### [ABOUT THIS TASK]
Return only the lines below starting at the line containing "Periuta de dinti" and ending at the line containing "NETGEAR user manual", both included, exactly as they are and with no pictures.

### [RECORDS FOR THE TASK]
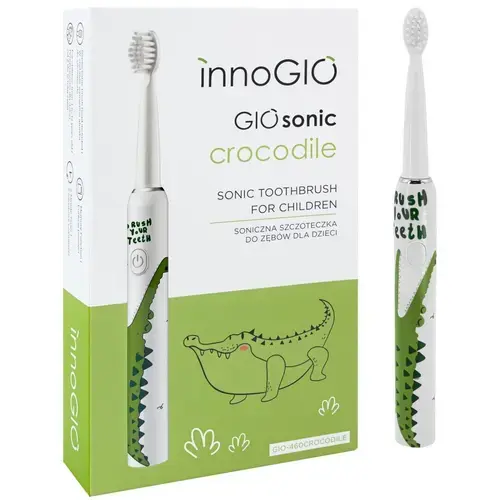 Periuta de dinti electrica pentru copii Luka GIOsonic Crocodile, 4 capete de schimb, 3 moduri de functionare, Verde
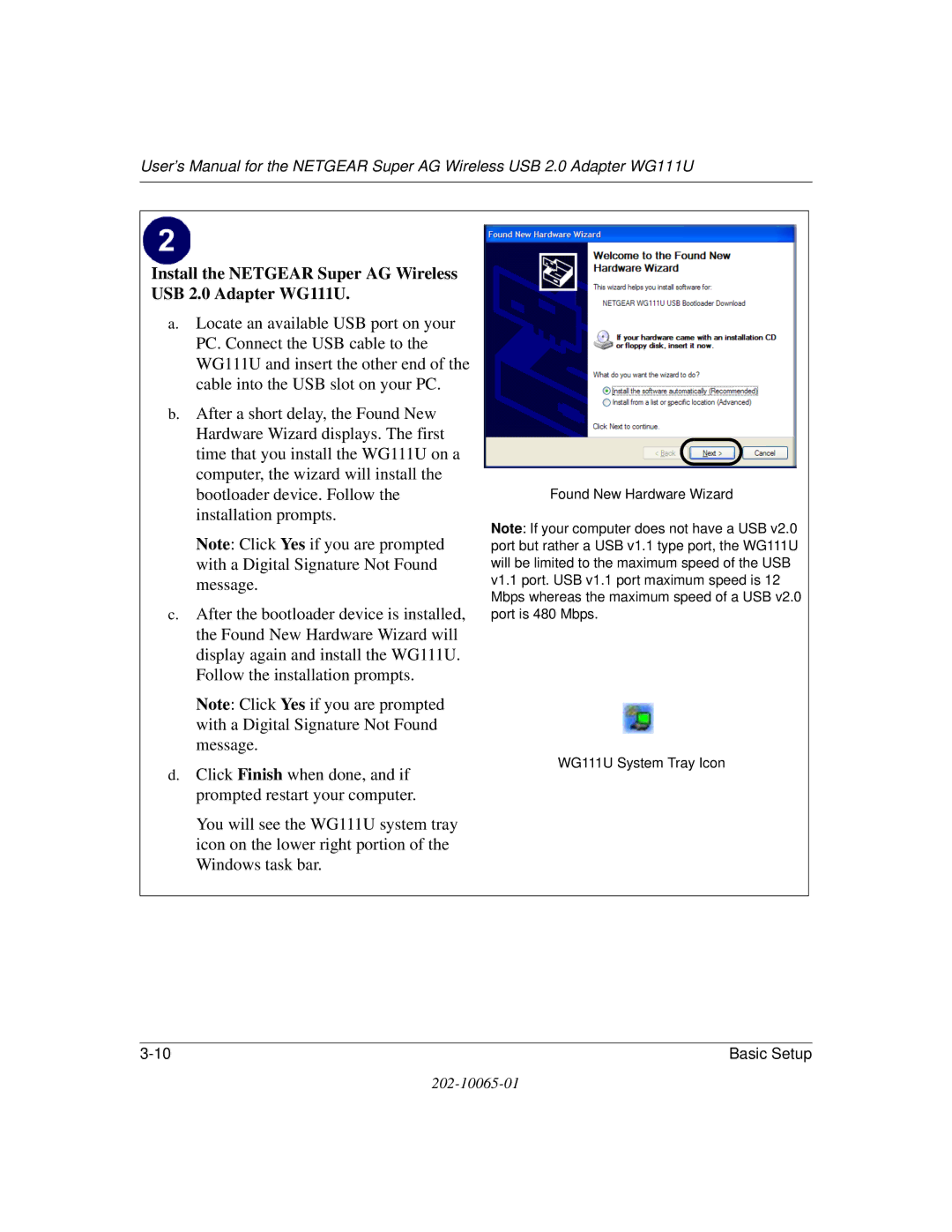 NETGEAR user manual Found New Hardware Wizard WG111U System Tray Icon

--

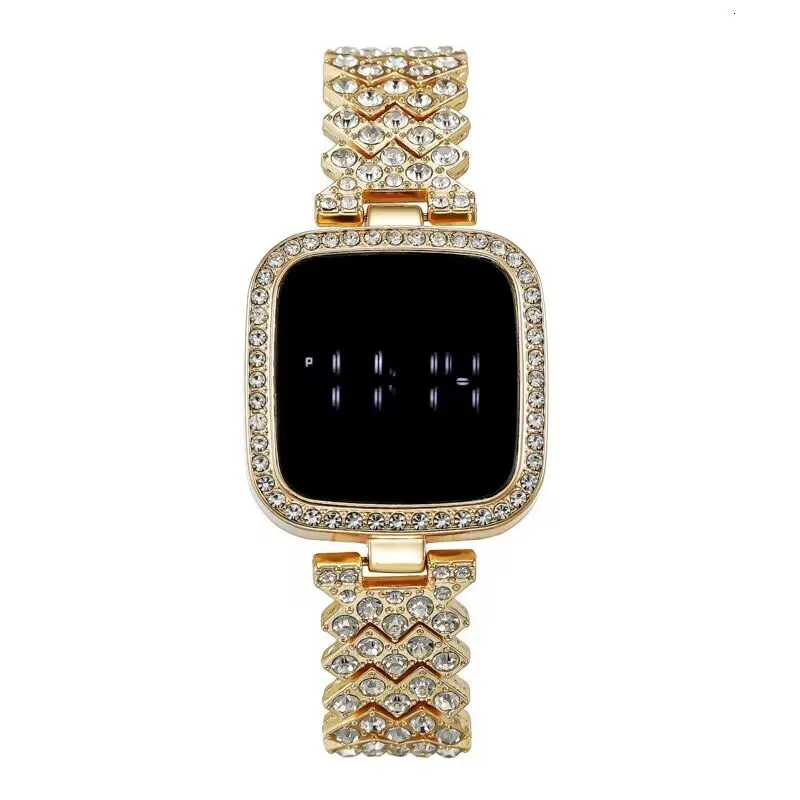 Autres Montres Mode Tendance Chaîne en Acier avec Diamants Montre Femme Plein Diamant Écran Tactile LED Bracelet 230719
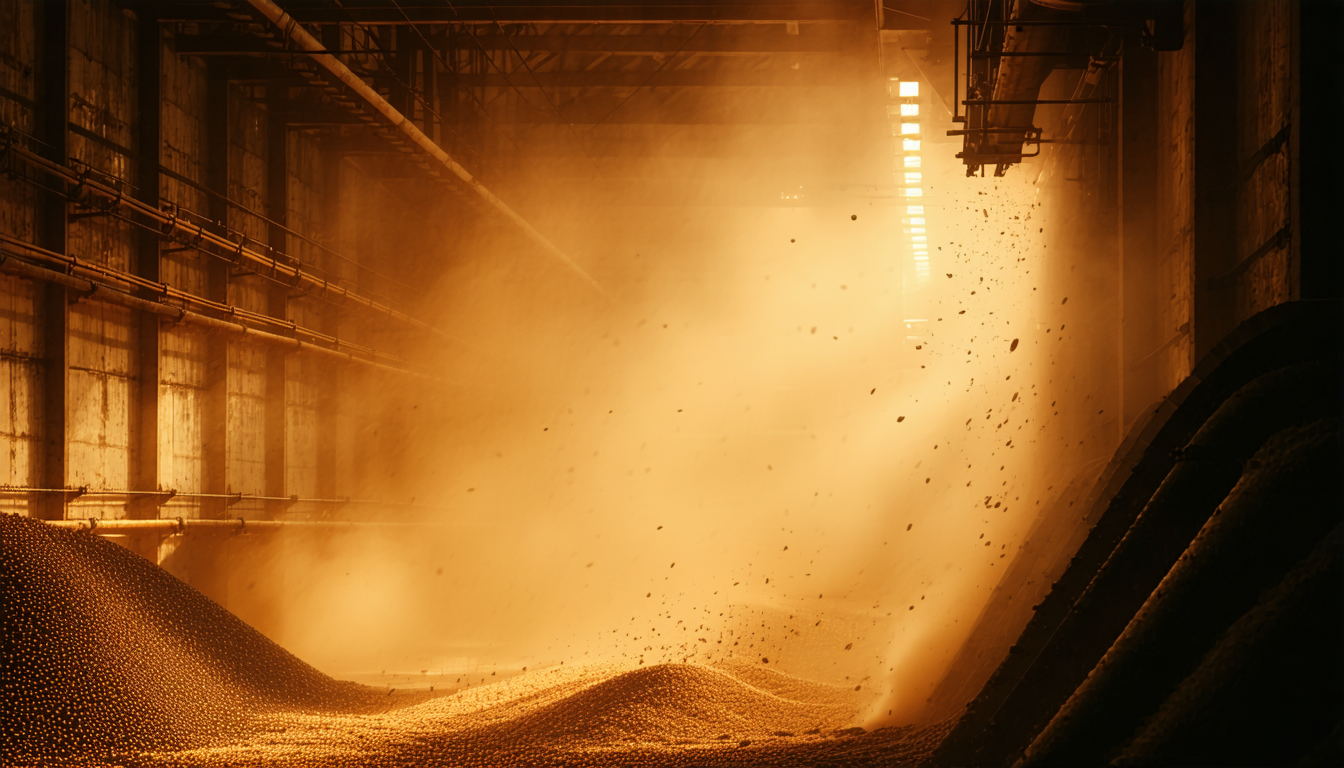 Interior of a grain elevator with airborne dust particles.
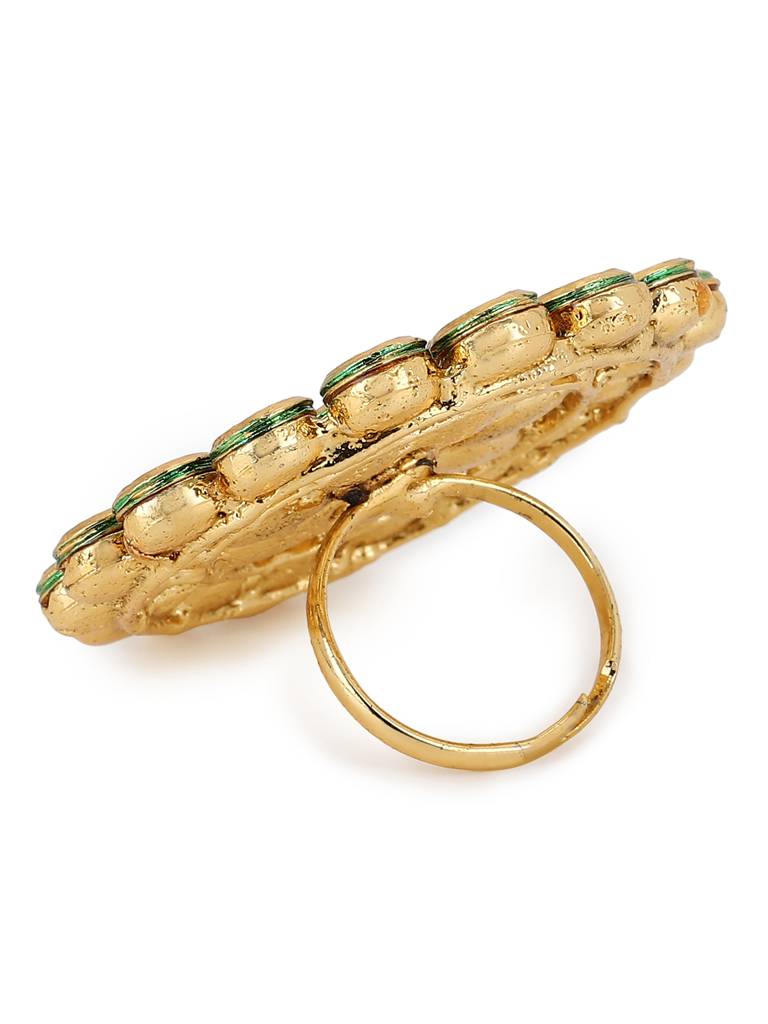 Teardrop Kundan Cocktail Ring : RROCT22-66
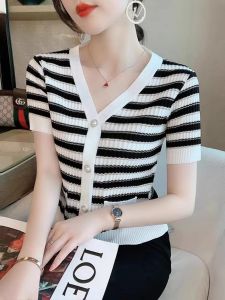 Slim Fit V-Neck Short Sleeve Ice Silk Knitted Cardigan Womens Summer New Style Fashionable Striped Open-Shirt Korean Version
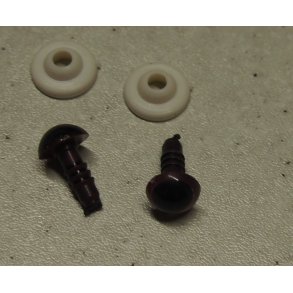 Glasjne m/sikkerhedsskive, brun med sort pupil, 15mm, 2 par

...

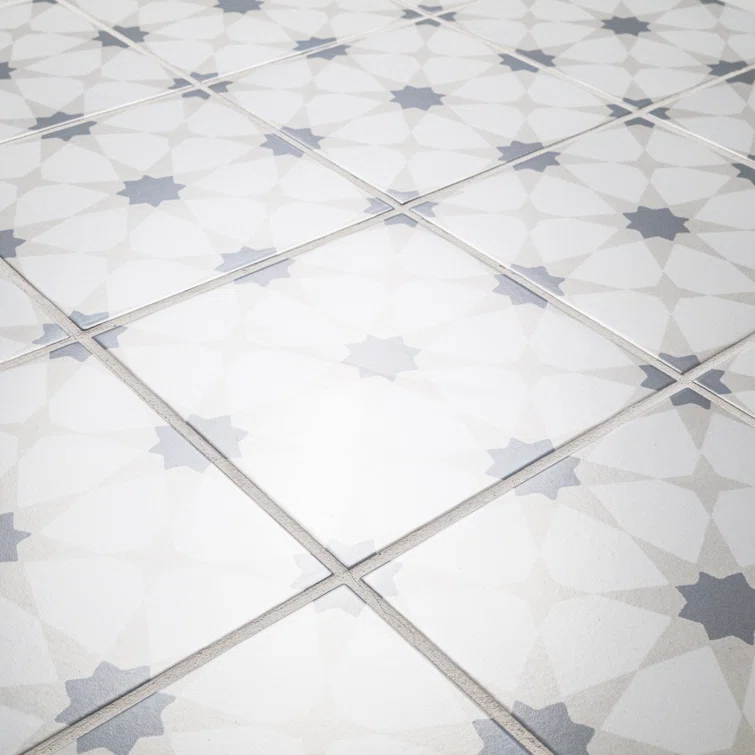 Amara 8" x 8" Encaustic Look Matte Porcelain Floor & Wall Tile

### [RESULT OF THIS EXERCISE]
 Periuta de dinti electrica pentru copii Luka GIOsonic Crocodile, 4 capete de schimb, 3 moduri de functionare, Verde
 NETGEAR user manual Found New Hardware Wizard WG111U System Tray Icon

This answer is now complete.